Processing Billion-Node Graphs on an Array of Commodity SSDs

Smerity · on May 20, 2015

I cannot recommend FlashGraph strongly enough. FlashGraph was one of the first graph computation engines to enable near trivial analysis of the Web Data Commons Hyperlink Graph - 3.5 billion web pages and 128 billion links.

For smaller graphs, analysis using FlashGraph is hilariously quick.

If you're interested in how this is achieved, refer to [1]. From memory, Da Zheng said he created FlashGraph primarily as he wanted to prove how efficient the storage system was. Full details on the FlashGraph (though FlashGraph runs far faster now!) in the paper at [2].

Note: I'm a data scientist at Common Crawl, the dataset that the Web Data Commons Hyperlink Graph is based upon and the main developer of Flash Graph, Da Zheng, wrote a guest post for us on this very topic[3], so I'm rightfully biased as to thinking this is an amazing project!

[1]: http://www.cs.jhu.edu/~zhengda/sc13.pdf

[2]: https://www.usenix.org/system/files/conference/fast15/fast15...

[3]: http://blog.commoncrawl.org/2015/02/analyzing-a-web-graph-wi...

mrry · on May 20, 2015

An interesting comparison point: a single core on a late-2014 MacBook Pro can achieve runtimes for the same graph that are within a factor of 4 for WCC (461 seconds for FlashGraph versus 1700 seconds for the laptop).

http://www.frankmcsherry.org/graph/scalability/cost/2015/02/... (previously on HN: https://news.ycombinator.com/item?id=9001618)

There are also results for PageRank on that graph, which make the difference more pronounced. FlashGraph runs PageRank in 2041 seconds (I'm assuming for 30 iterations, per Section 4 of the paper), whereas the laptop takes 46000 seconds for 20 iterations.

Smerity · on May 20, 2015

Absolutely spot on - between FlashGraph and Frank McSherry's COST work, the two have really pushed the envelope on efficient large scale graph analysis.

Frank McSherry wrote a "call to arms" for the broader graph community at [1]. The main point of interest is that academia generally compared their work with existing distributed graph processing systems, celebrating when any achievements were made, yet not aware of the significant overheads brought on by the distributed approach. Both Frank's work (run on a single laptop) and FlashGraph (run on a single powerful machine) run far faster than the distributed approach and have very few disadvantages.
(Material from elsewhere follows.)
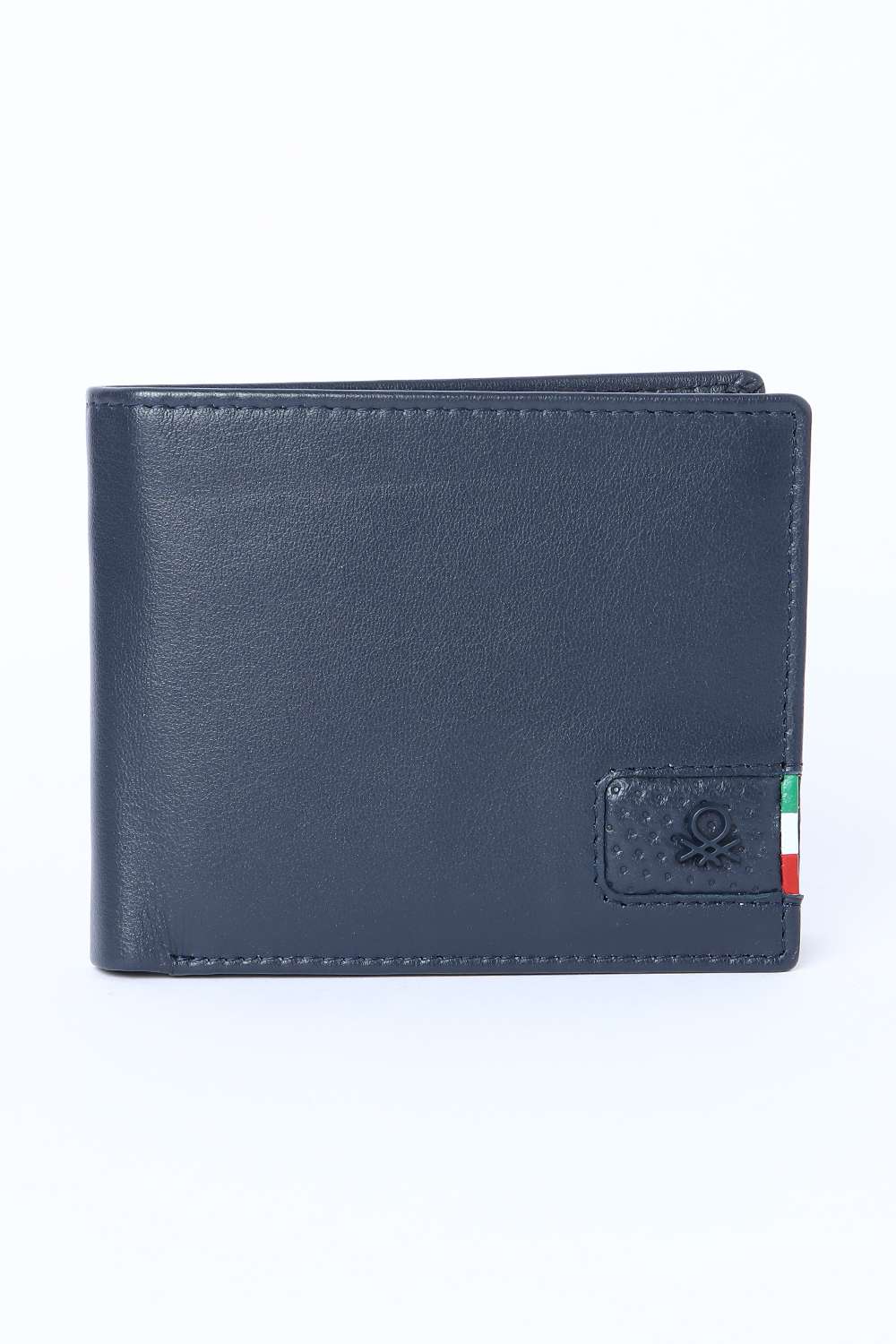 WITTENBERG-Top-Open-Leather-Men-Casual-Wear-Multicard-Coin-Wallet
Note: I'm a data scientist at Common Crawl and Frank's graph computation discussion article was a guest post at our blog.

[1]: http://blog.commoncrawl.org/2015/04/evaluating-graph-computa...

nojvek · on May 20, 2015

I wish there was a deeper technical explanation on how they made such a difference with a layer of file system. Would this also improve relational db perf?

corysama · on May 20, 2015

Searching for "set-associative file system" brings up their publications

http://www.ncbi.nlm.nih.gov/pubmed/24402052

http://www.ncbi.nlm.nih.gov/pmc/articles/PMC3881961/

https://github.com/icoming/FlashGraph

jheriko · on May 20, 2015

i can't help but wonder if this has been tested vs. just letting the os virtualise memory for you... i'm assuming yes.